午後は、僕と用務員のパート取りだ。2時頃から始めるのでそれまでにギターのチューニングを済ませておくように頼んでおく。と言っても、あと使うのは12弦ギターだけだ。このギターのチューニングは、持ち主の用務員が電子チューナーを用いて行う。

 Rec.4: 間奏・後奏のリードギター(幸松)。オベーションの12現を使用。簡単なフレーズなので2〜3回でクリアー。
 ※ここで[ Rec.0:]の仮歌も不要となる。
 Rec.5: ボーカルパート(用務員)。わずか1回でクリアー。さすがである。リーダーも彼の安定した歌唱力と低音の効いたボーカルにいたく感心している。
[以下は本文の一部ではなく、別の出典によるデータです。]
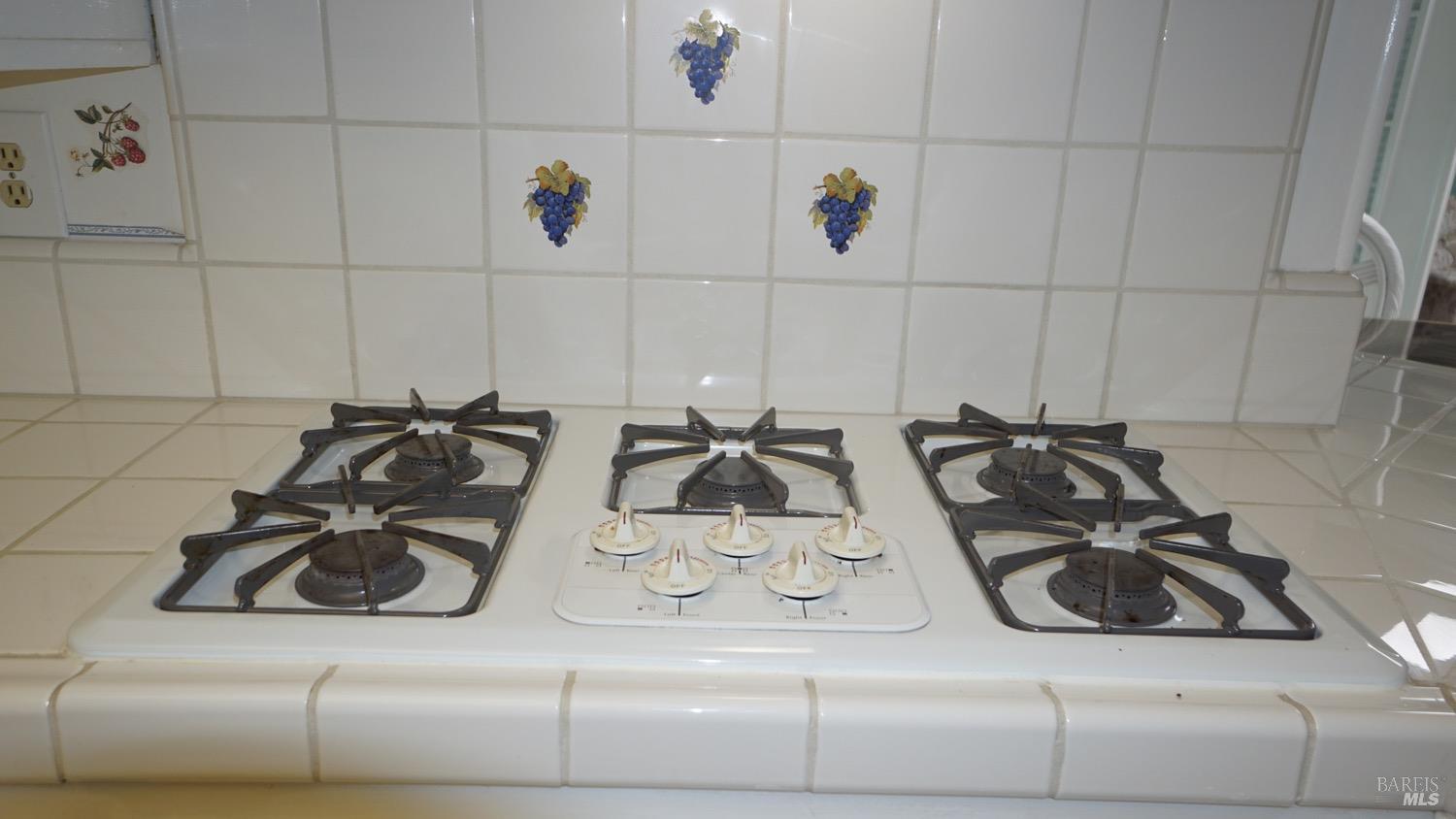 Detail Gallery Image 14 of 41 For 26 Chapala Dr, Santa Rosa,  CA 95403 - 2 Beds | 2 Baths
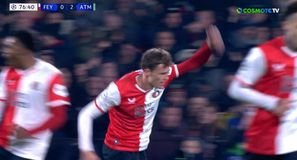 Μείωσε σε 1-2 η Φέγενορντ, άμεση απάντηση με αυτογκόλ του Χιμένεζ για την Ατλέτικο και 1-3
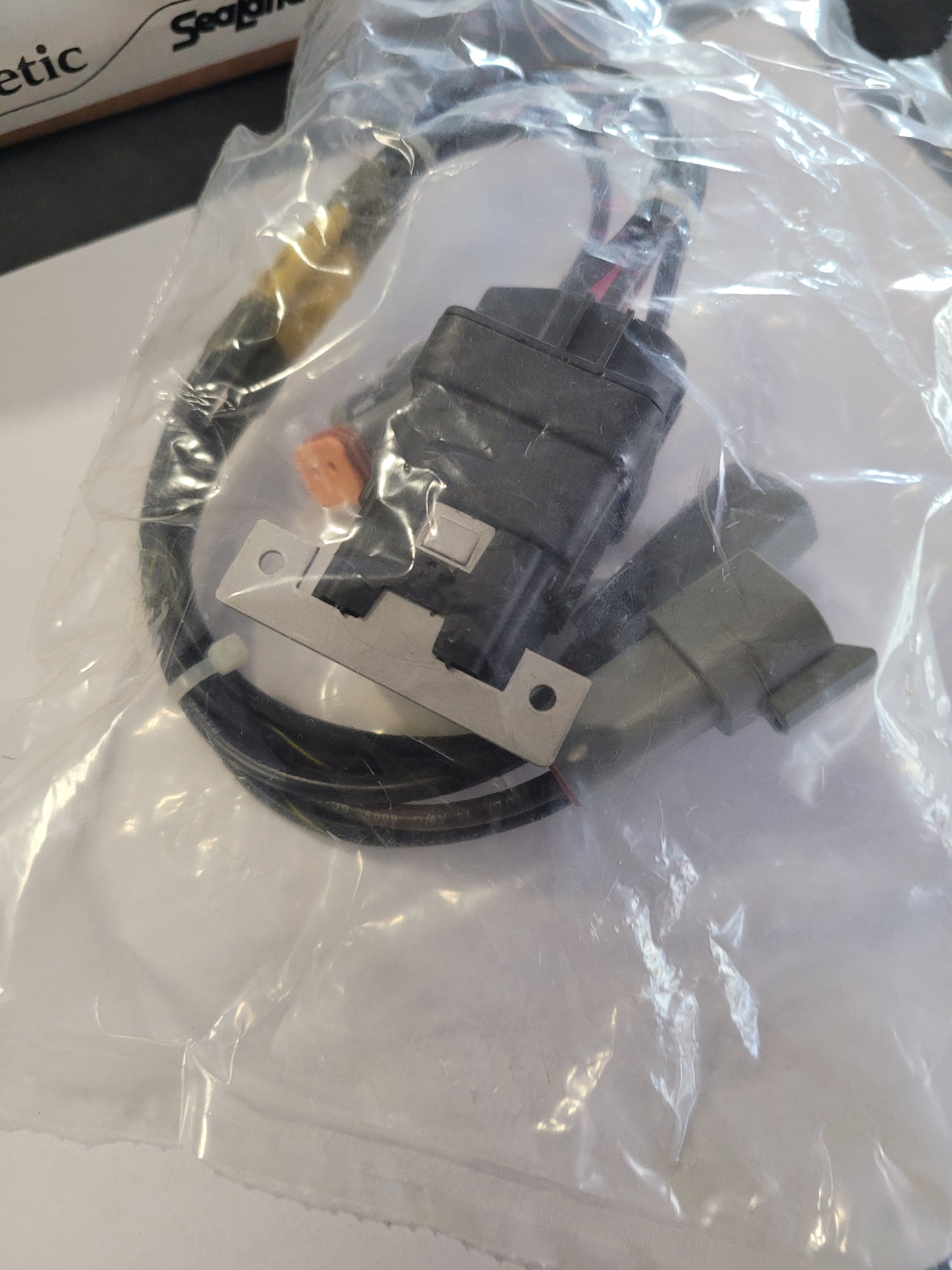 Kit, Relay/Bracket 24v Sealand 385310843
 Rec.6: コーラスパート(幸松)。ちゃんと練習してきたはずなのに、1ヵ所どうしても音が取れずに苦戦。その部分に差し掛かると主旋のメロディーが大きく目の前ならぬ、耳元に立ちはだかり、自分の音が取れなくなる。今更ながらコーラスの難しさを実感。10回くらい歌い直しただろうか。なんとかごまかし強引にOKの自己申告。これで勘弁して・・・。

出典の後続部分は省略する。